I’ve gathered the logs from both regions to an intermediate bucket on the same location as the EMR.
During that process I had to rename the files (see below) so they don’t get overwrited, because I’ve got the exact same log files both from ap-southeast-1 and eu-west-1 region.
resources/environments/logs/publish/e-smgk4gppuv/i-1a5c92f8e77605a3d _var_log_tomcat8_rotated_localhost_access_log.txt1506423661 -> _var_log_tomcat8_rotated_localhost_access_log.2017-09-26-12.eu-west-1.i-1a5c92f8e77605a3d.txt.gz
Then setted the IN bucket to that intermediate location and started EmrEtlRunner (and that appended region and bucket folder):
MOVE tracking-snapshots/events/snowplow-raw/_var_log_tomcat8_rotated_localhost_access_log.2017-09-26-12.eu-west-1.i-1a5c92f8e77605a3d.txt.gz -> snowplow-bucket-data/processing/_var_log_tomcat8_rotated_localhost_access_log.2017-09-26-12.eu-west-1.i-1a5c92f8e77605a3d.txt.eu-west-1.snowplow-raw.gz
Which probably caused this error:
D, [2017-09-26T17:32:18.692000 #9405] DEBUG -- : EMR jobflow j-3QMDJ1Q1LCRTR started, waiting for jobflow to complete...

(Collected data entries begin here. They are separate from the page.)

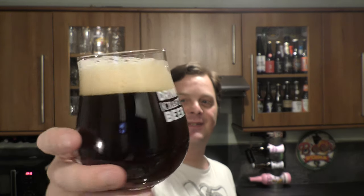We've got a two-finger, slightly off-white head. It's most definitely a red ale in the glass, with good levels of carbonation and a slight haze.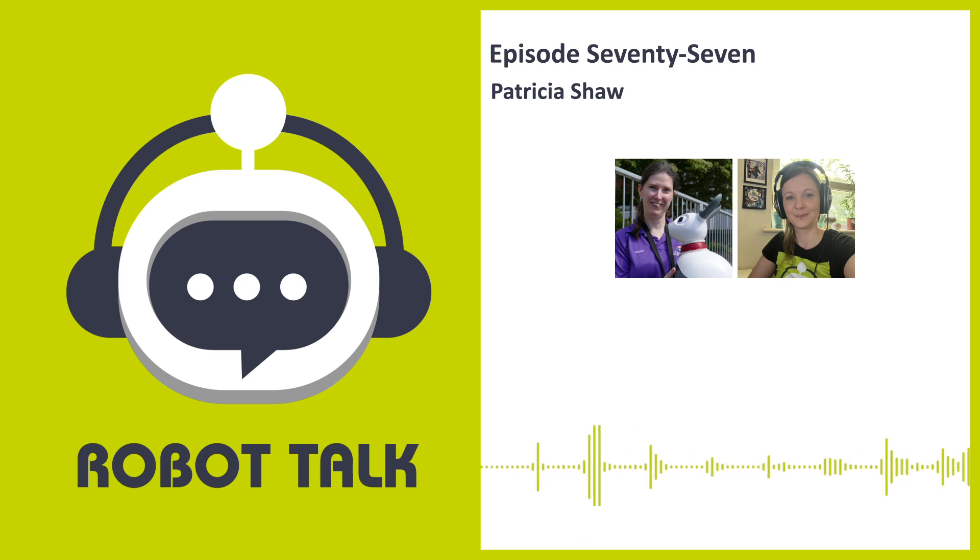First, I'd like to remind you to subscribe to Robot Talk through your favorite podcast provider — it really helps the podcast and means you'll be the first to hear the latest episodes. Another way to find out about new episodes is our email newsletter, which you can sign up to on our website at robottalk.org. And don't forget to enter our competition for a chance to win your very own Robot Talk t-shirt — for more information check out robottalk.org.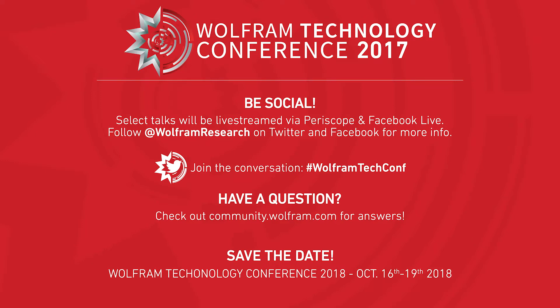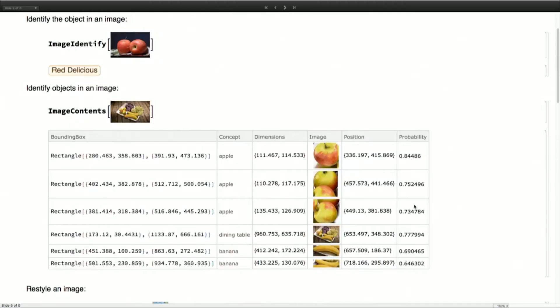Hey, I'm Jessie here at the Wolfram Tech Conference 2017, and I'm just talking with developers and interesting people who are using our technology in really innovative ways. I'm here with Shadi, who's going to tell us a little bit about what she does here at the company, and she has some cool stuff to show for us.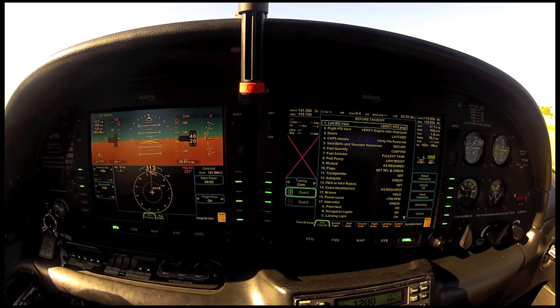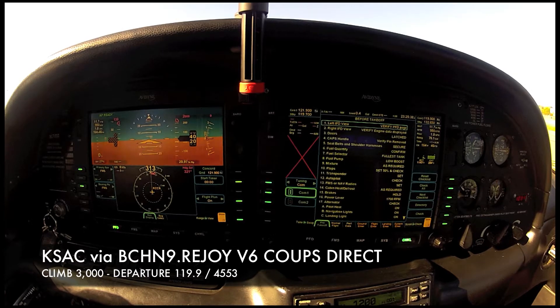Sierra 17 on McClellan, we're cleared for the Sacramento Executive via the V-Cannon departure, Rejoy transition, Victor 6, Coupes direct, climb 3000, departure frequency 119.9, squawk 4553.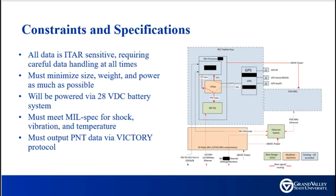Constraints regarding the project involve the handling of information and data. Some data is ITAR-sensitive information. The design must minimize size, weight, and power, and will be powered via a 28-volt DC battery. The design must meet MIL specifications for shock, vibration, and temperature, and must output position, navigation, and timing data over Victory Ethernet protocol.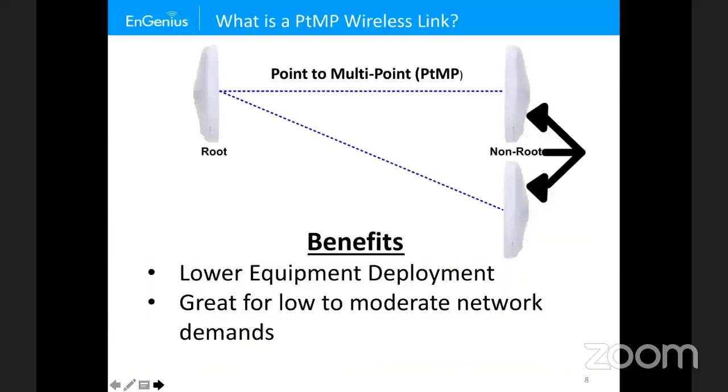In a point-to-multipoint, we actually have several non-roots to a root. In this example, we have a two-to-one ratio — two non-roots to one root. It could grow to three-to-one, four-to-one, five-to-one, or even higher. The benefit of point-to-multipoint is lower equipment cost. For example, two point-to-points would require four radios, whereas point-to-multipoint needs just three. As the ratio grows, the equipment savings increase.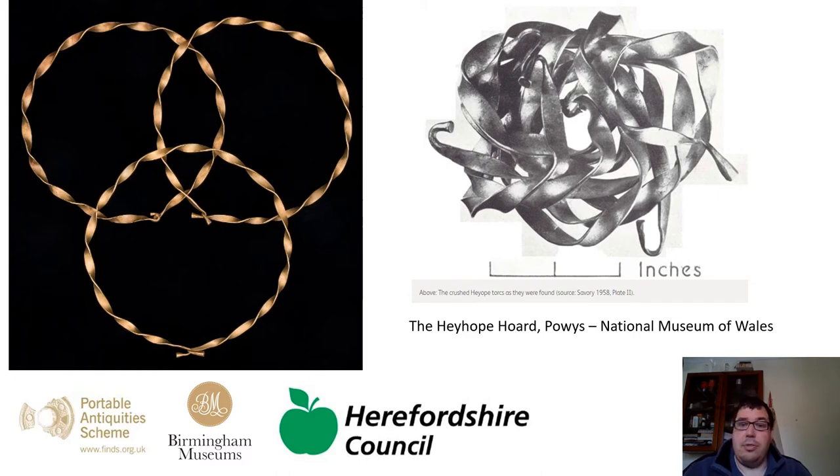You can also see that this hoard originally, when it was found, these three torques were crushed together into a gold ball, and the conservators at the National Museum of Wales have unpicked these and really remade them into the find we see today.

F, [2017-09-26T17:42:20.277000 #9405] FATAL -- :
Snowplow::EmrEtlRunner::EmrExecutionError (EMR jobflow j-3QMDJ1Q1LCRTR failed, check Amazon EMR console and Hadoop logs for details (help: https://github.com/snowplow/snowplow/wiki/Troubleshooting-jobs-on-Elastic-MapReduce). Data files not archived.
Snowplow ETL: TERMINATING [STEP_FAILURE] ~ elapsed time n/a [2017-09-26 17:38:51 UTC - ]
- 1. Elasticity Scalding Step: Enrich Raw Events: COMPLETED ~ 00:01:57 [2017-09-26 17:38:56 UTC - 2017-09-26 17:40:53 UTC]
- 2. Elasticity S3DistCp Step: Enriched HDFS -> S3: FAILED ~ 00:00:14 [2017-09-26 17:40:53 UTC - 2017-09-26 17:41:08 UTC]
- 3. Elasticity S3DistCp Step: Shredded HDFS -> S3: CANCELLED ~ elapsed time n/a [ - ]
- 4. Elasticity Scalding Step: Shred Enriched Events: CANCELLED ~ elapsed time n/a [ - ]
- 5. Elasticity S3DistCp Step: Enriched HDFS _SUCCESS -> S3: CANCELLED ~ elapsed time n/a [ - ]):
Edit: EMR logs can provide more info
Input path does not exist: hdfs://ip-172-31-28-180.eu-west-1.compute.internal:8020/tmp/5a58078b-a2b2-4f4d-a0b8-8b90bf70e3bc/files
Any suggestion to bypass this issue?
How can files from different regions with the same timestamps live together?